=== Description of the task ===
Please print each entry below exactly as it stands, but without any pictures.

━━━━━ Data listing

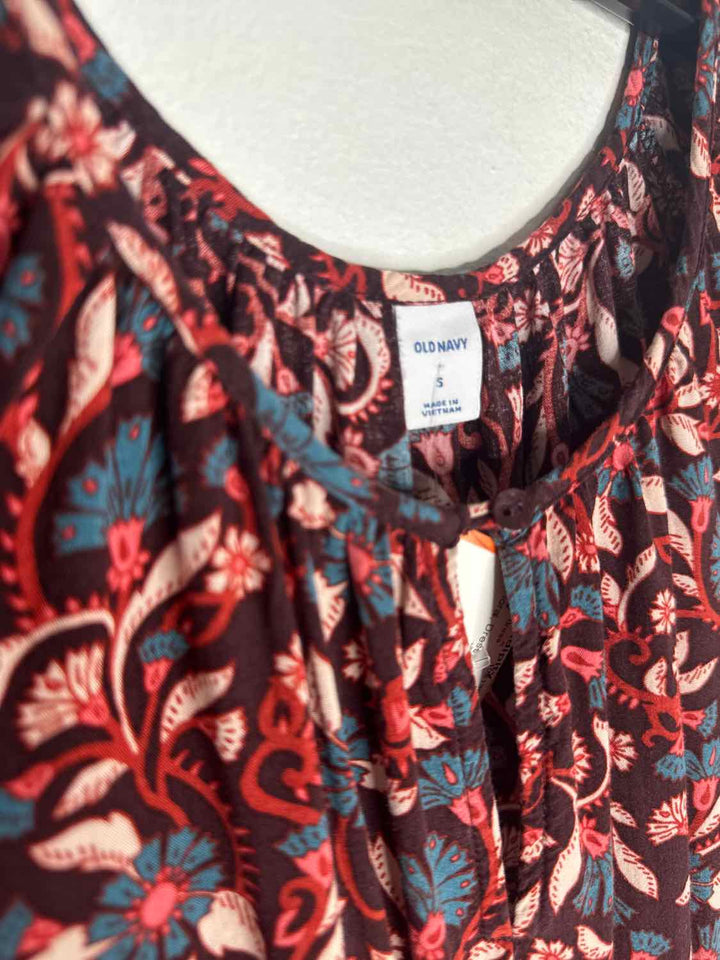 Old Navy Size S Red Floral long sleeve dress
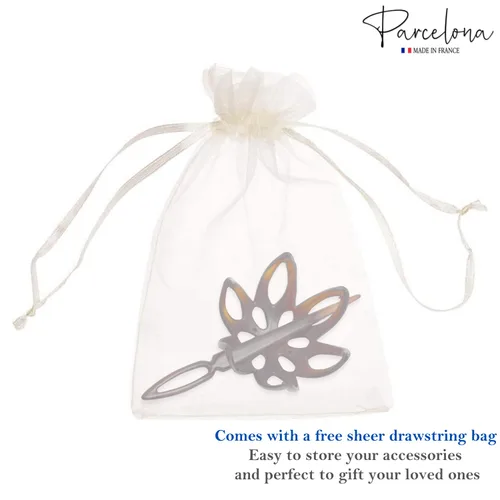 Vista 8 de Parcelona French Fleur - Pasador deslizante de pelo de 3 pulgadas con forma de concha de tortuga pequeña, pasador a través del moño, tapa de cola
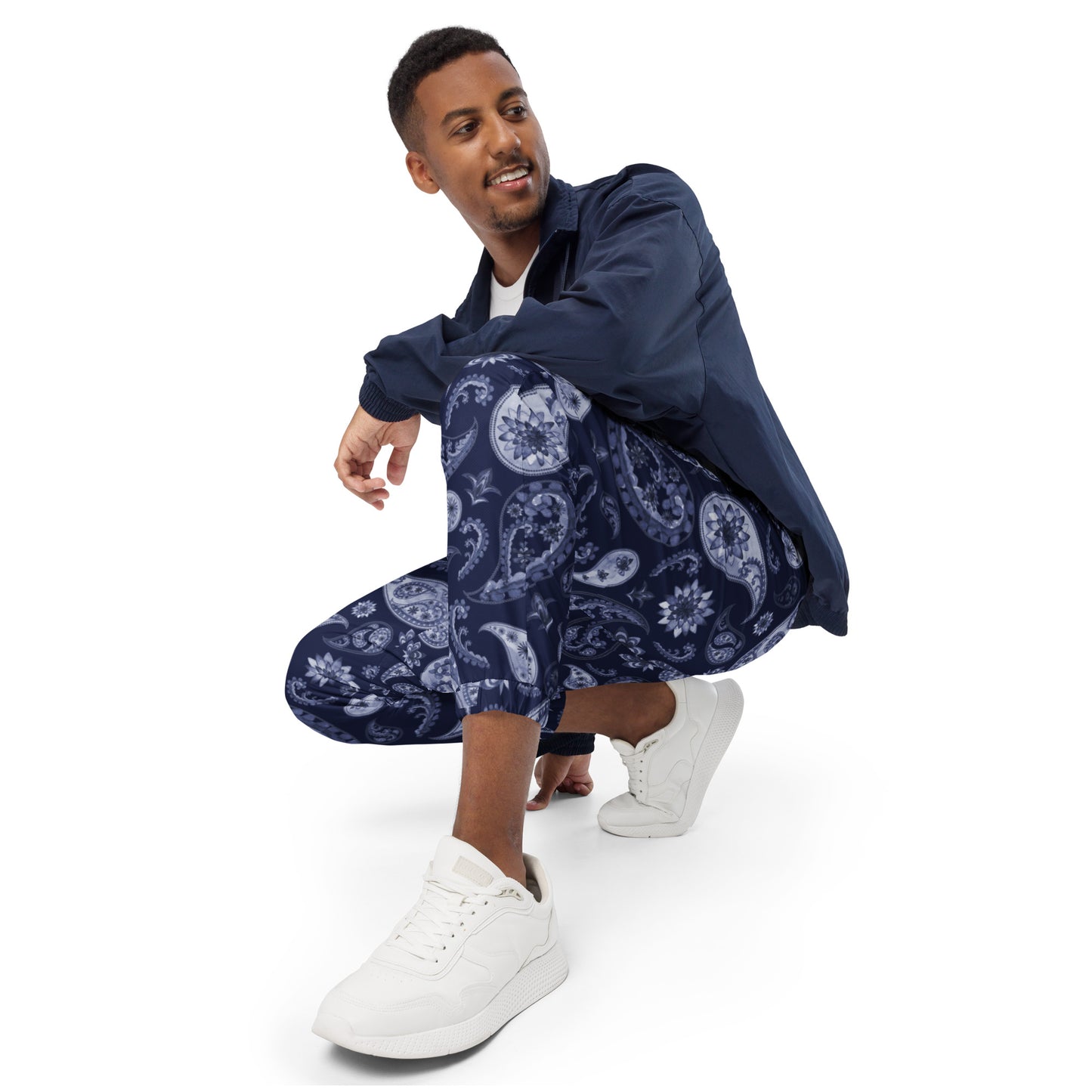 Unisex track pants Adult Activewear Navy Blue and Light Blue Paisley Design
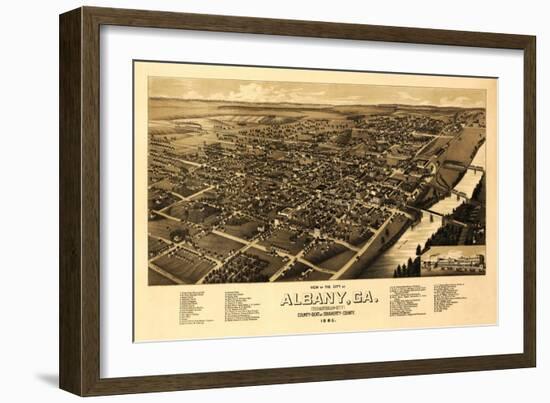 Albany, Georgia - Panoramic Map-Lantern Press-Framed Art Print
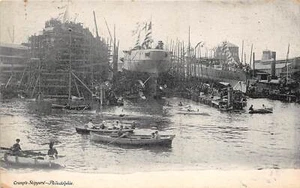 Philadelphia Pennsylvania c1906 cartolina Cantiere di Crump Barche - Foto 1 di 2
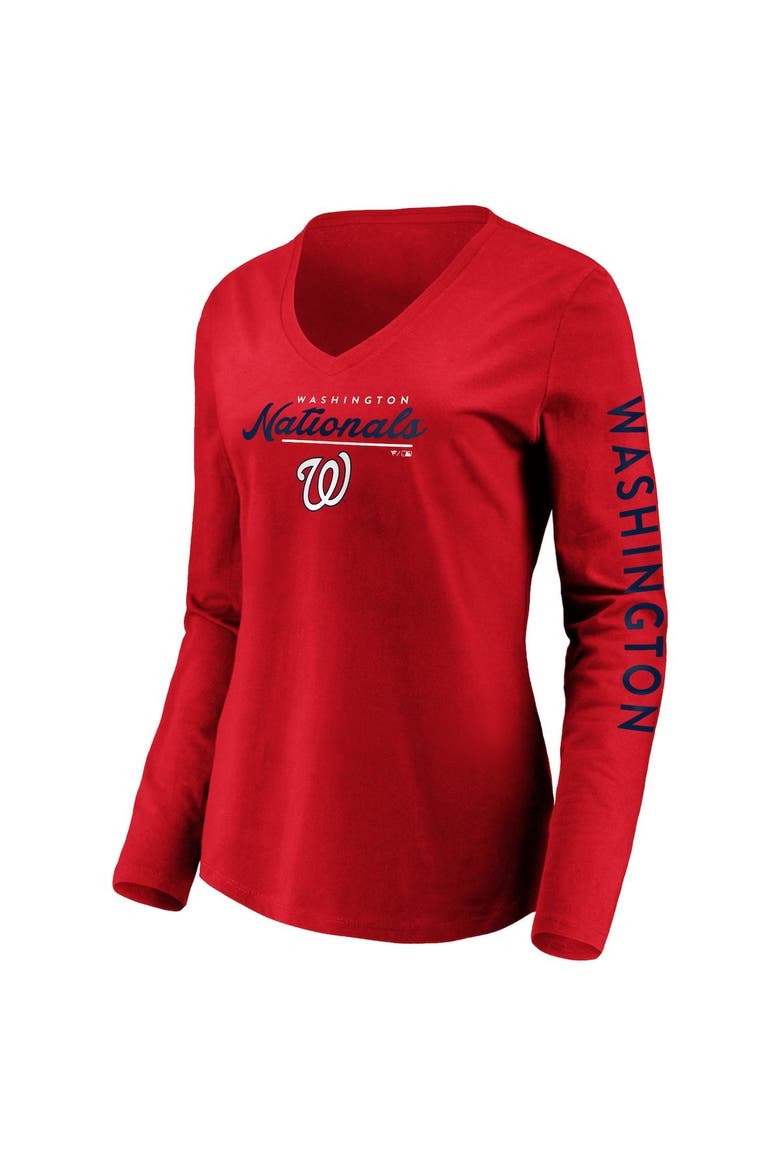 Women's Fanatics Branded Red Washington Nationals Core High Class Long Sleeve V-Neck T-Shirt, Alternate, color, Red
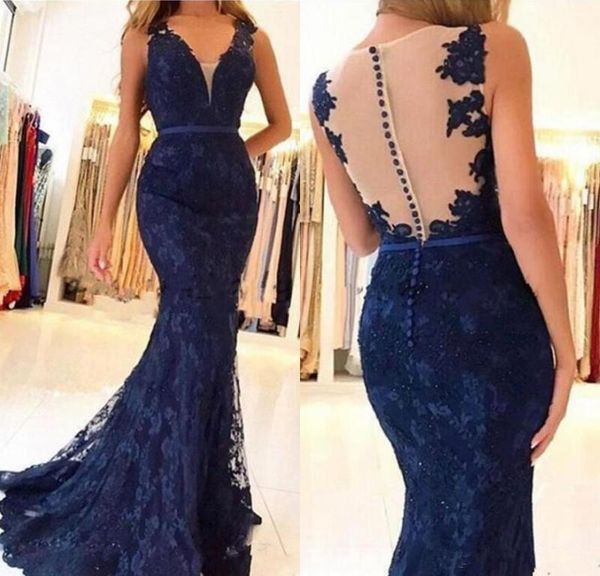 dark navy lace mermaid prom dresses v neck beads sequins appliques formal evening dress sheer back covered buttons cocktail party gowns, Black;red
dark navy lace mermaid prom dresses v neck beads sequins appliques formal evening dress sheer back covered buttons cocktail party gowns, Black;red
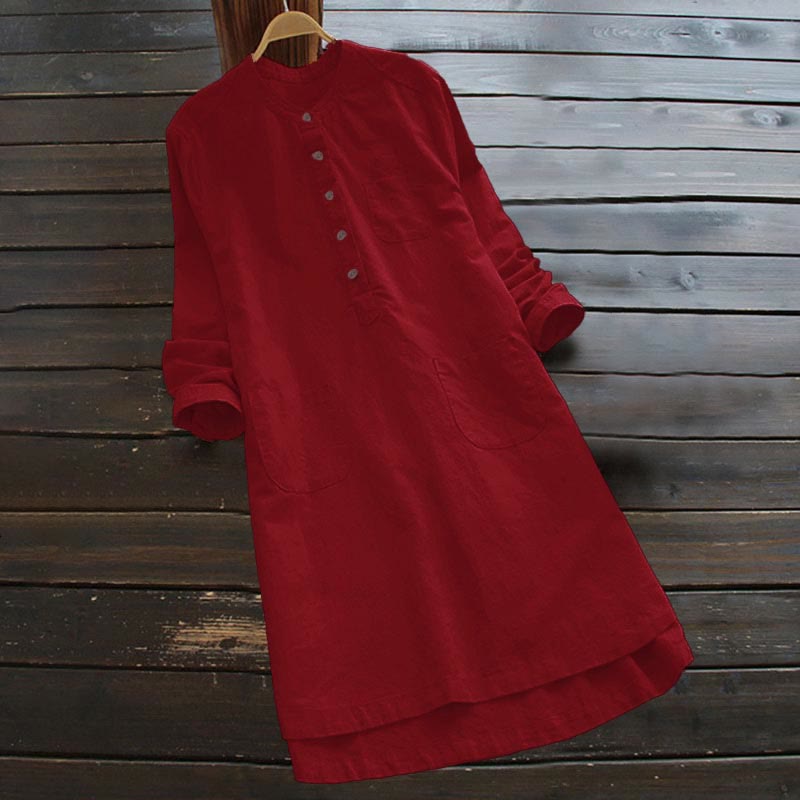 Camicia da donna a maniche lunghe con tasche e bottoni in tinta unita Buddha Stones - Rosso - US16, UK/AU20, EU48 (5XL) - image 17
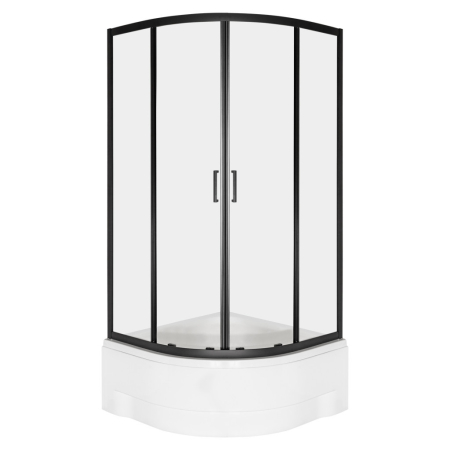 Cabină de duș semirotundă - Kerra Aruba 80 GL cabină de duș curbată neagră cu tavă adâncă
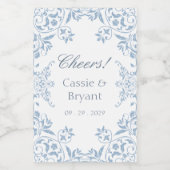 Elegant blauw en wit juichen stijlvolle bruiloft wijn etiket (Enkel label)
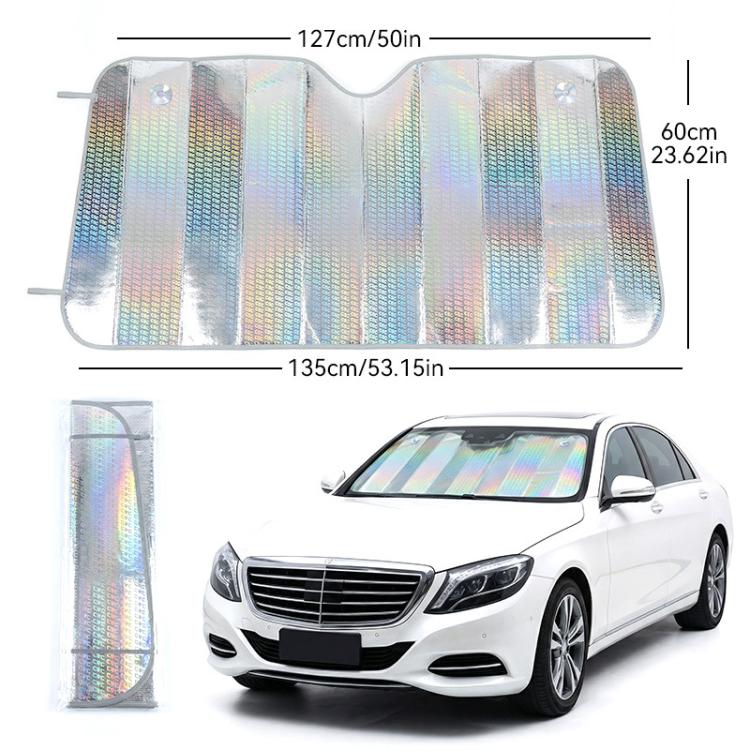 Car windshield sunshade with iridescent reflective surface and V cutout shape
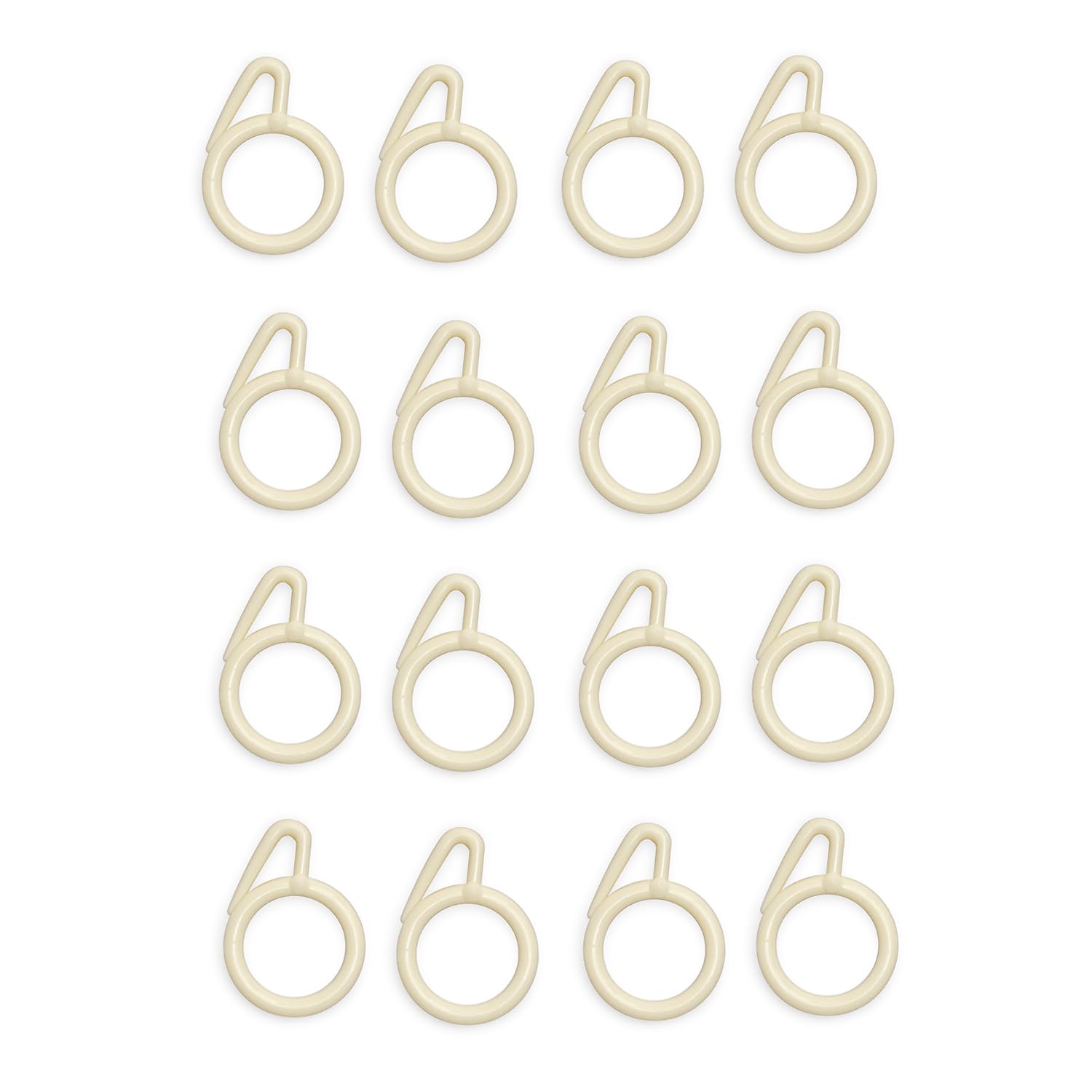 ProKart Premium Plastic Curtain Ring Hook for Doors Windows Bathroom Curtains 1.25 inch Ring Suitable for 1 inch Rod (Off White, 25)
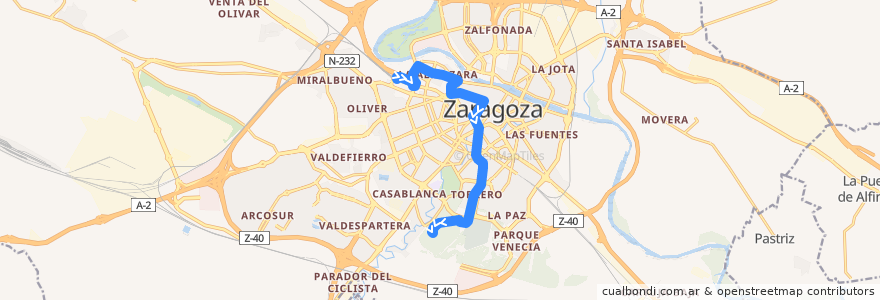 Mapa del recorrido Bus 34: Estación Delicias => Parque de Atracciones de la línea  en Saragosse.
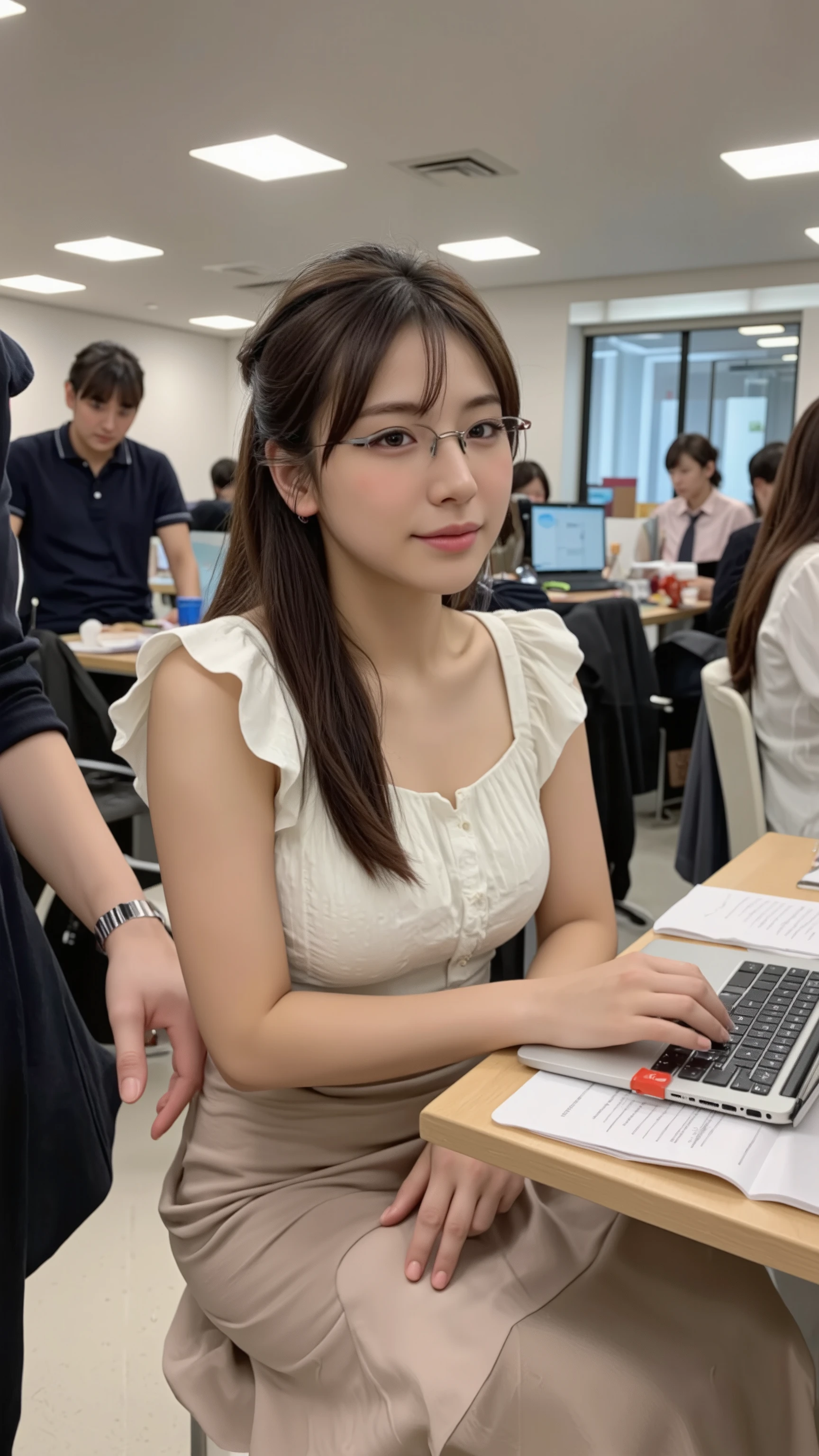 A photorealistic image of a Japanese woman in her 20s sitting at a desk in a busy Tokyo office, working on a laptop. She has long black hair tied back with a hair clip, wears glasses, a white frilled blouse, and a tight-fitting mermaid-line skirt. She looks up with a respectful and attentive expression. The viewer is standing beside her in a slightly elevated position, as if in a teaching or mentoring role, looking down at her. The background is a bustling office with many coworkers working at their desks. The composition emphasizes the teacher-student or mentor-learner dynamic from a slightly over-the-shoulder viewpoint.、胸の谷間、横に立つのは自分自身なので横には画像内では誰も立っていない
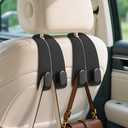 Fitnice Car Seat Headrest Hooks - Universal Car Purse Hook, Leather Car Bag Purse Holder with Double Metal Hooks for Handbags, Grocery Bags, Bottles, Phones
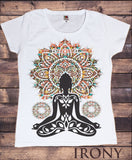 Irony T-shirt Women’s White T-Shirt Aztec Yoga Top Buddha Chakra Meditation Zen Hobo Boho Print TSA20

━━━━━━━━━━

=== Answer space ===
 Old Navy Size S Red Floral long sleeve dress
 Vista 8 de Parcelona French Fleur - Pasador deslizante de pelo de 3 pulgadas con forma de concha de tortuga pequeña, pasador a través del moño, tapa de cola
 Unisex track pants Adult Activewear Navy Blue and Light Blue Paisley Design
 Albany, Georgia - Panoramic Map-Lantern Press-Framed Art Print
 Philadelphia Pennsylvania c1906 cartolina Cantiere di Crump Barche - Foto 1 di 2
 Women's Fanatics Branded Red Washington Nationals Core High Class Long Sleeve V-Neck T-Shirt, Alternate, color, Red
 dark navy lace mermaid prom dresses v neck beads sequins appliques formal evening dress sheer back covered buttons cocktail party gowns, Black;red
dark navy lace mermaid prom dresses v neck beads sequins appliques formal evening dress sheer back covered buttons cocktail party gowns, Black;red
 Camicia da donna a maniche lunghe con tasche e bottoni in tinta unita Buddha Stones - Rosso - US16, UK/AU20, EU48 (5XL) - image 17
 Cabină de duș semirotundă - Kerra Aruba 80 GL cabină de duș curbată neagră cu tavă adâncă
 Elegant blauw en wit juichen stijlvolle bruiloft wijn etiket (Enkel label)
 Car windshield sunshade with iridescent reflective surface and V cutout shape
 ProKart Premium Plastic Curtain Ring Hook for Doors Windows Bathroom Curtains 1.25 inch Ring Suitable for 1 inch Rod (Off White, 25)
 Mapa del recorrido Bus 34: Estación Delicias => Parque de Atracciones de la línea  en Saragosse.
 A photorealistic image of a Japanese woman in her 20s sitting at a desk in a busy Tokyo office, working on a laptop. She has long black hair tied back with a hair clip, wears glasses, a white frilled blouse, and a tight-fitting mermaid-line skirt. She looks up with a respectful and attentive expression. The viewer is standing beside her in a slightly elevated position, as if in a teaching or mentoring role, looking down at her. The background is a bustling office with many coworkers working at their desks. The composition emphasizes the teacher-student or mentor-learner dynamic from a slightly over-the-shoulder viewpoint.、胸の谷間、横に立つのは自分自身なので横には画像内では誰も立っていない
 Fitnice Car Seat Headrest Hooks - Universal Car Purse Hook, Leather Car Bag Purse Holder with Double Metal Hooks for Handbags, Grocery Bags, Bottles, Phones
 Irony T-shirt Women’s White T-Shirt Aztec Yoga Top Buddha Chakra Meditation Zen Hobo Boho Print TSA20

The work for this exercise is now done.